Restate word for word the part of the material that runs from the line containing "Professional house painting" through its final line, inclusive, minus the pictures.

### Supplied material
==========
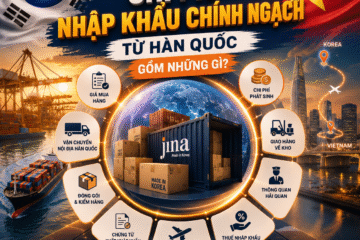 Chi Phí Nhập Khẩu Chính Ngạch Từ Hàn Quốc Gồm Những Gì?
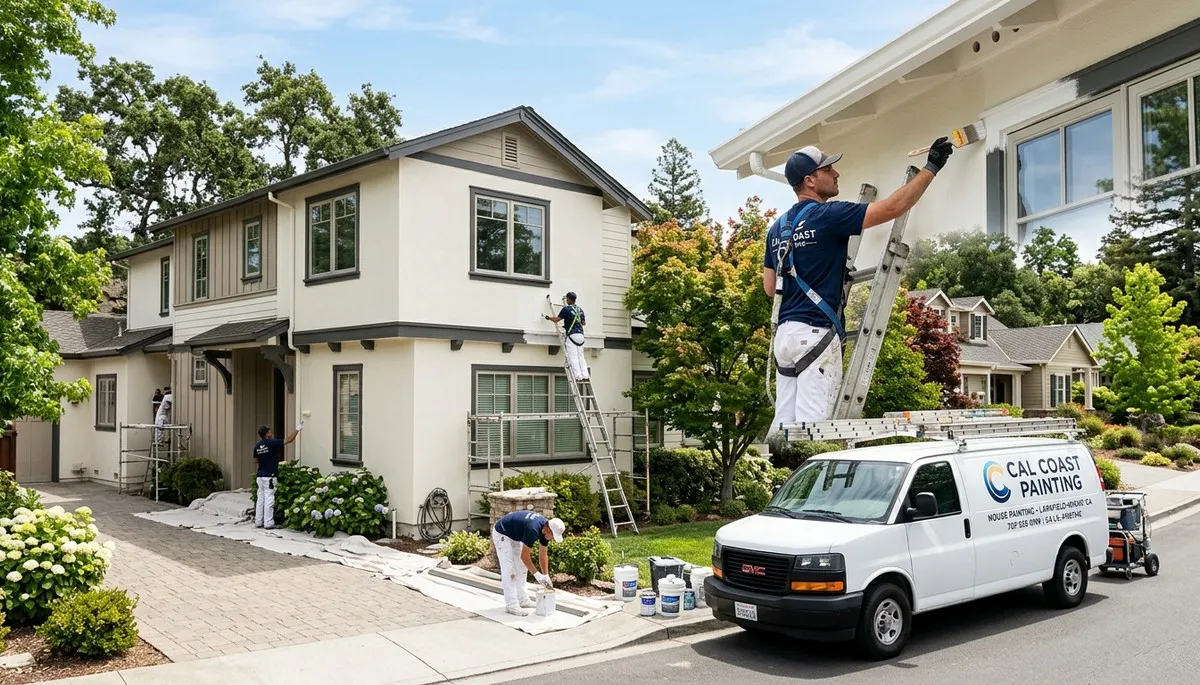 Professional house painting service in Santa Rosa, CA by skilled local painters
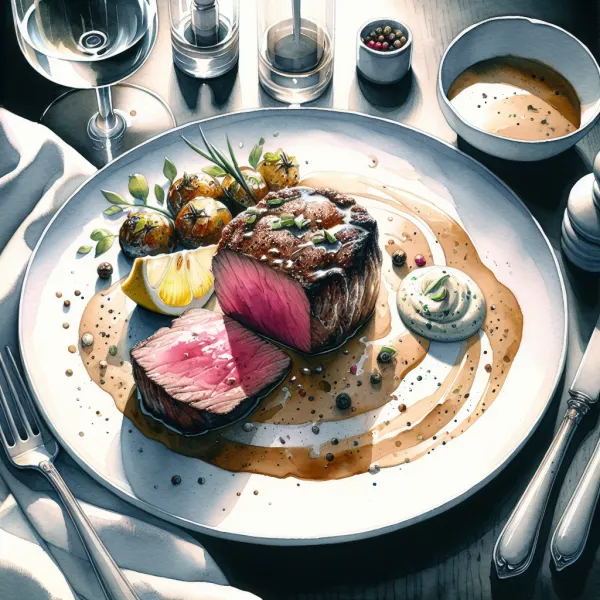 Reverse-Seared Beef Tenderloin with Horseradish Cream Sauce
==========
### Exercise output
 Professional house painting service in Santa Rosa, CA by skilled local painters
 Reverse-Seared Beef Tenderloin with Horseradish Cream Sauce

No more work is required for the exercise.